Communication Methods in Multi-Agent Reinforcement Learning
Christoph Wittner
TL;DR
This survey analyzes how communication mechanisms enable coordination in multi-agent reinforcement learning by systematically categorizing 29 publications into paradigms such as fully-connected message passing, implicit, attention-based, graph-based, and role-based/hierarchical approaches, including niche variants like delayed, language-grounded, and tacit communication. It finds no universal best framework; effectiveness and scalability depend on task structure and constraints, with attention- and graph-based methods offering favorable trade-offs in many scenarios. The work highlights critical gaps in standardized benchmarking of system-level metrics and robustness under imperfect communication, calling for rigorous evaluations to guide real-world deployment.

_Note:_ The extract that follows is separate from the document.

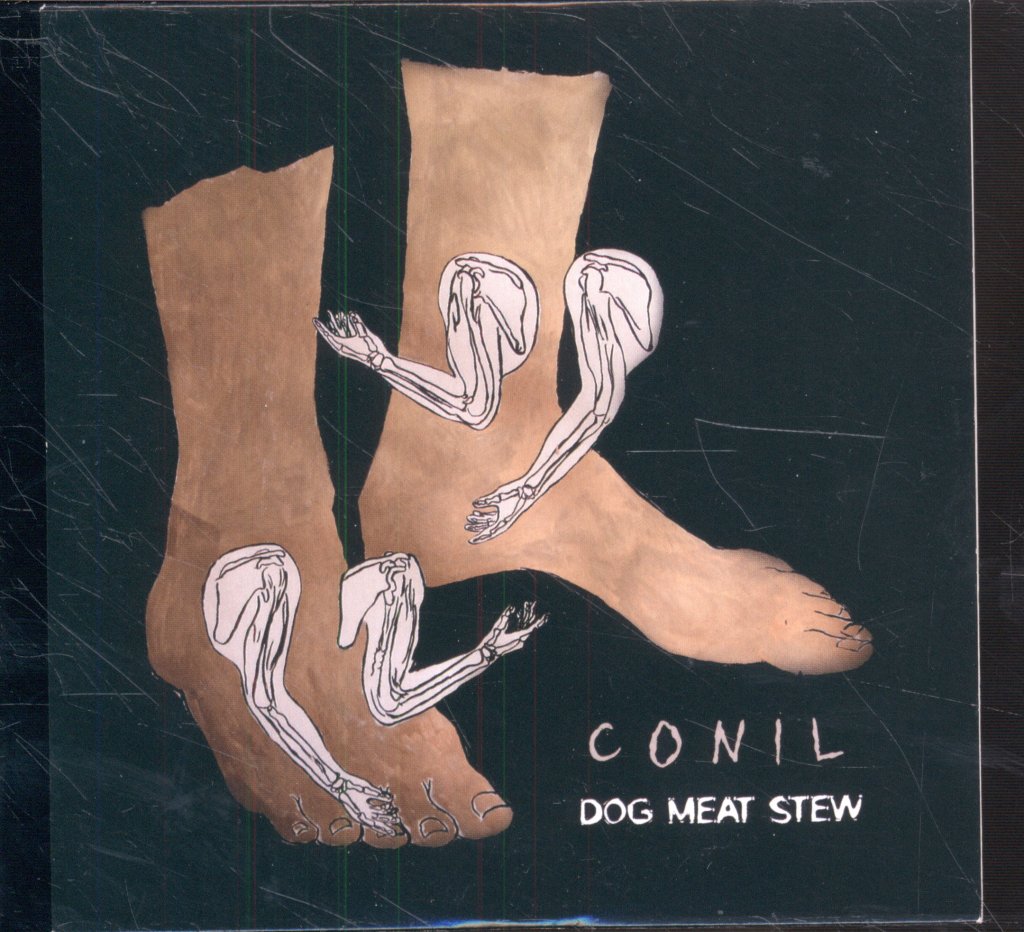 Conil - Dog Meat Stew - Cd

Overall, the paper provides a taxonomy and comparative insights to help practitioners choose appropriate communication strategies and identifies key directions for robust, scalable MARL communication research.
Abstract
Multi-agent reinforcement learning is a promising research area that extends established reinforcement learning approaches to problems formulated as multi-agent systems. Recently, a multitude of communication methods have been introduced to this field to address problems such as partially observable environments, non-stationarity, and exponentially growing action spaces. Communication further enables efficient cooperation among all agents interacting in an environment. This work aims at providing an overview of communication techniques in multi-agent reinforcement learning. By an in-depth analysis of 29 publications on this topic, the strengths and weaknesses of explicit, implicit, attention-based, graph-based, and hierarchical/role-based communication are evaluated. The results of this comparison show that there is no general, optimal communication framework for every problem. On the contrary, the choice of communication depends heavily on the problem at hand. The comparison also highlights the importance of communication methods with low computational overhead to enable scalability to environments where many agents interact. Finally, the paper discusses current research gaps, emphasizing the need for standardized benchmarking of system-level metrics and improved robustness under realistic communication conditions to enhance the real-world applicability of these approaches.